Meinungsaustausch im Kreishaus: Zu einem persönlichen Gespräch über die Entwicklung der Förderschulen trafen sich jetzt Landrat Dr. Christan Schulze Pellengahr, Schuldezernent Detlef Schütt und Schul-Abteilungsleiter Gregor Twilling mit Uwe Schenk, dem Geschäftsführer der St.-Christophorus-Jugendhilfe Werne. Wie berichtet, hatte die Jugendhilfe Werne die Absicht bekundet, im südlichen Teil des Kreises Coesfeld eine private Förderschule mit den Schwerpunkten „Lernen“ und „Soziale und Emotionale Entwicklung“ zu errichten.
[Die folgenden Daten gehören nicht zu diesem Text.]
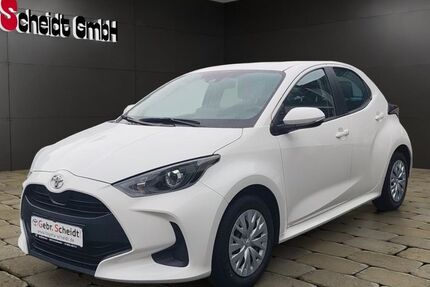 Toyota Yaris 44.267 km 14.970 &euro; Schiffweiler 66578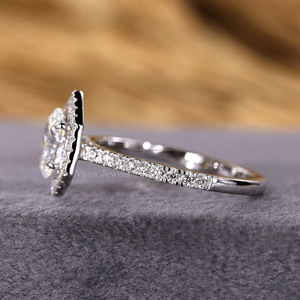 Anillo de bodas de oro blanco sólido de 14K con diamante ovalado cultivado en laboratorio, anillo de compromiso y aniversario de Halo de diamante certificado IGI para esposa - Product Image 5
Abteilungsleiter Gregor Twilling, Geschäftsführer Uwe Schenk (St.-Christophorus-Jugendhilfe), Landrat Dr. Christian Schule Pellengahr und Dezernent Detlef Schütt (v.l.n.r.) beim Treffen im Kreishaus (Aufnahme: Kreis Coesfeld, Christoph Hüsing)

Abteilungsleiter Gregor Twilling, Geschäftsführer Uwe Schenk (St.-Christophorus-Jugendhilfe), Landrat Dr. Christian Schule Pellengahr und Dezernent Detlef Schütt (v.l.n.r.) beim Treffen im Kreishaus (Aufnahme: Kreis Coesfeld, Christoph Hüsing)

Alle Gesprächspartner kamen überein, dass sie eine einvernehmliche Lösung anstreben. Wir wünschen eine gute Kooperation mit der Jugendhilfe Werne“, betonte Landrat Dr. Christian Schule Pellengahr. So sollen alle weiteren Schritte möglichst im Konsens abgesprochen werden. Wichtig sei auch, dass alle Schulen – die derzeitigen in Nottuln, Dülmen und Coesfeld sowie die künftige im südlichen Kreisgebiet – ein eigenes Profil mit eigenen Schwerpunkten entwickeln.

Die Jugendhilfe Werne erarbeitet derzeit mit einem externen erfahrenen Beratungsbüro ein konkretes Konzept. Grundsätzlich wird von der Jugendhilfe Werne eine kleine wohnortnahe Schule angestrebt. Wie beim Kreis Coesfeld sei es natürlich auch das Ziel, inklusiv zu arbeiten, so dass sicherlich auch einige Schüler in die Regelschule wieder integriert werden könnten, unterstrich Schenk. Die neue Förderschule der Jugendhilfe Werne könnte dabei, darin waren sich alle Gesprächsteilnehmer einig, eine gute Ergänzung des vorhandenen schulischen Angebotes darstellen. Uwe Schenk stellte klar, dass die Jugendhilfe Werne keinesfalls die vorhandenen Förderschulen im Bestand gefährden wolle. Vielmehr müsse das gemeinsame Ziel ein Nebeneinander aller Förderschulen im Kreis Coesfeld sein.